**PROVIDED MATERIAL:**
____

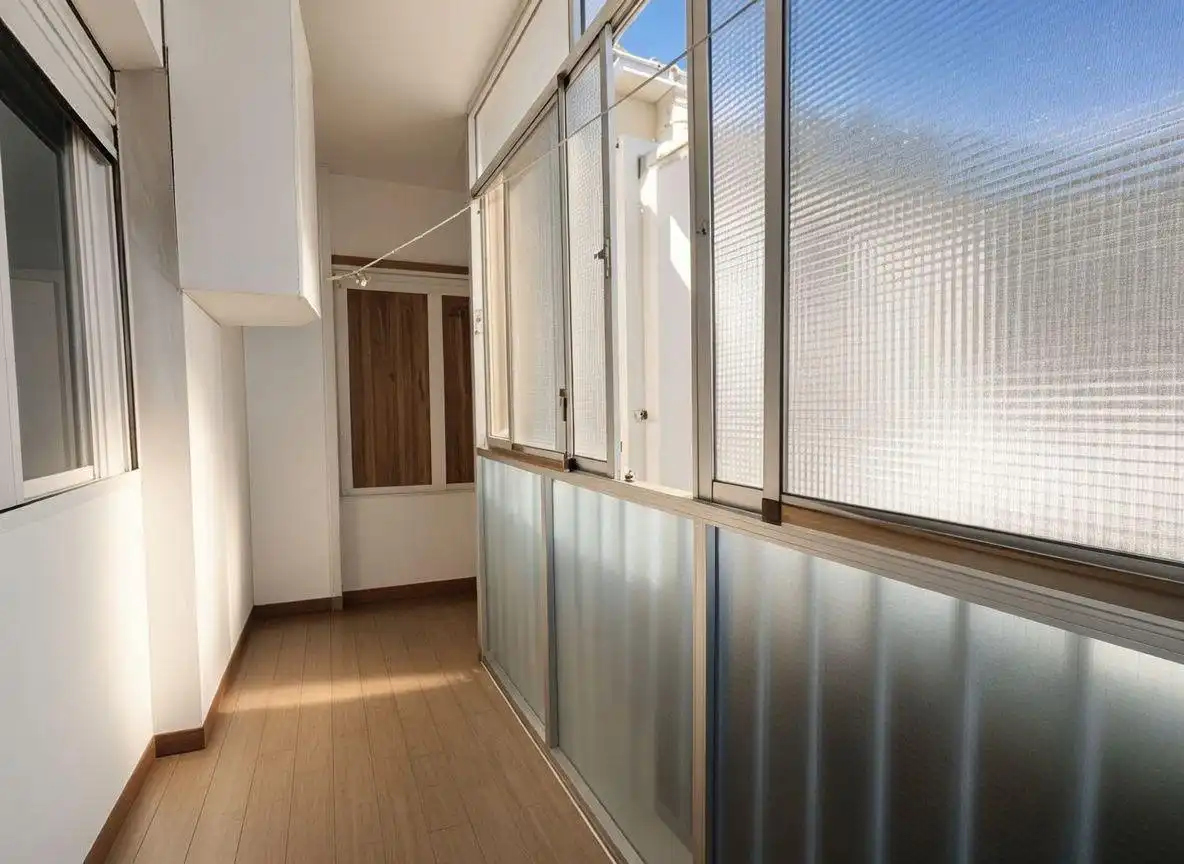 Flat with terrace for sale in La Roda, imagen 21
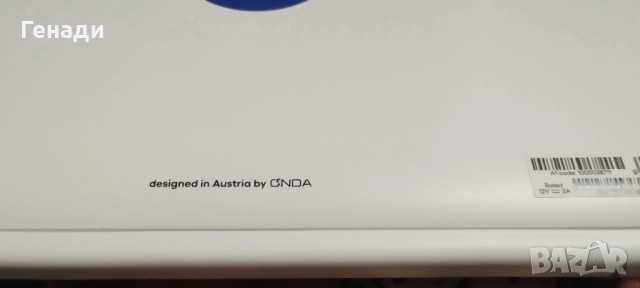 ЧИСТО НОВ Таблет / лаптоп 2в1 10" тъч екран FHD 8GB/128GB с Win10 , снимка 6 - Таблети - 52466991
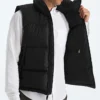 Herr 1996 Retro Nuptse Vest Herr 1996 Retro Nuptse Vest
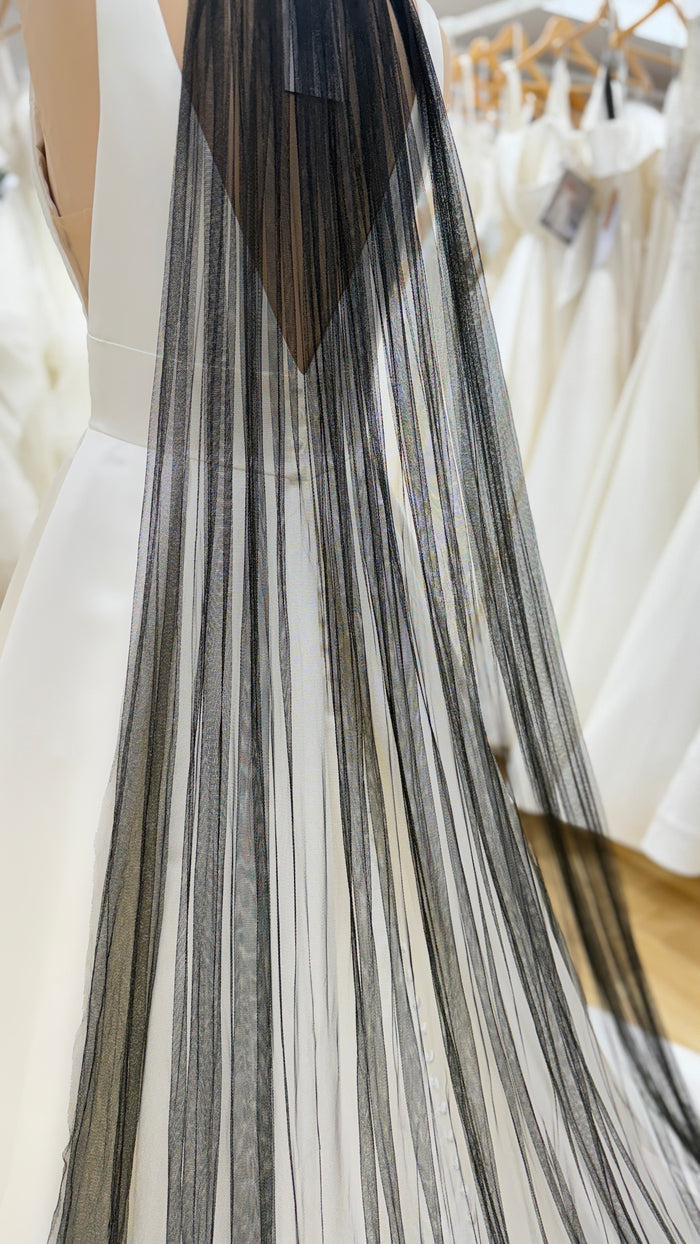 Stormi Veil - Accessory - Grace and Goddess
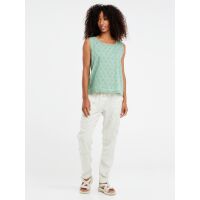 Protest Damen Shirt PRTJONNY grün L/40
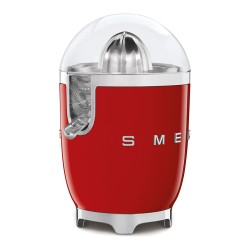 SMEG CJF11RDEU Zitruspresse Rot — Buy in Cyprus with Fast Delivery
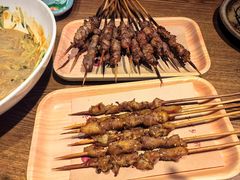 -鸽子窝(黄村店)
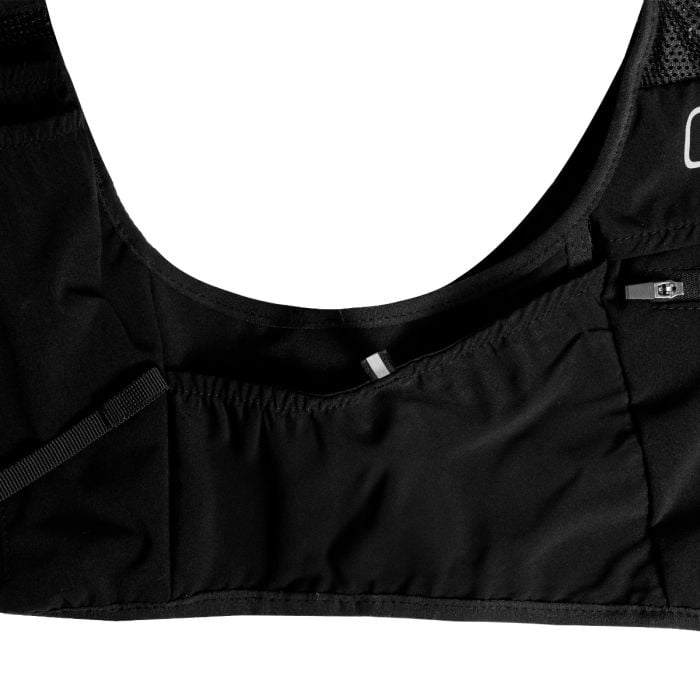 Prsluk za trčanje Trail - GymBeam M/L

____

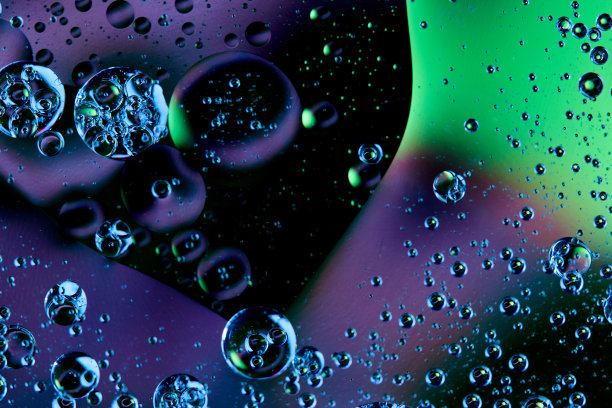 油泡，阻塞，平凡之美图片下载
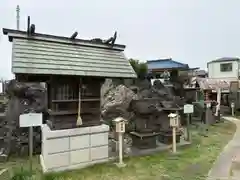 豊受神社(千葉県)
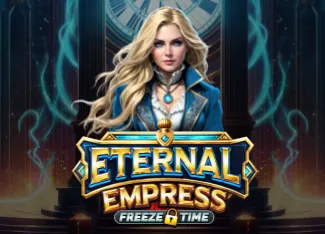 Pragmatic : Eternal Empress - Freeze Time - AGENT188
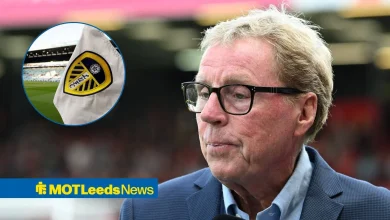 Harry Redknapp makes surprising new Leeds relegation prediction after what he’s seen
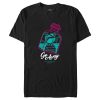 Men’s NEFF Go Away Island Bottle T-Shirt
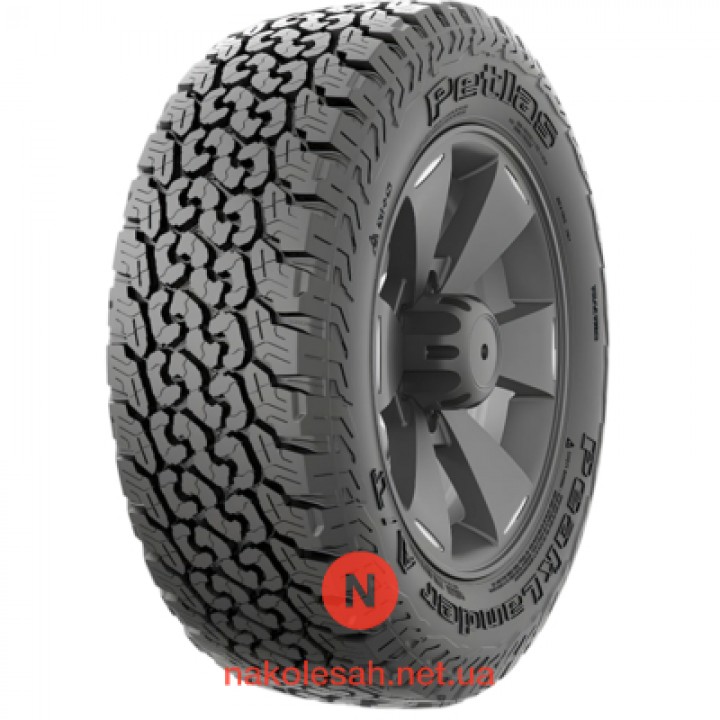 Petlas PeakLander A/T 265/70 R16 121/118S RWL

____

**DIRECTIONS:**
Both boundary lines included, write out word for word only the lines above from the one containing "Men’s NEFF Go Away Island Bottle T-Shirt" to the one containing "Petlas PeakLander A/T", leaving out any pictures.

**ANSWER BOX:**
 Men’s NEFF Go Away Island Bottle T-Shirt
 Petlas PeakLander A/T 265/70 R16 121/118S RWL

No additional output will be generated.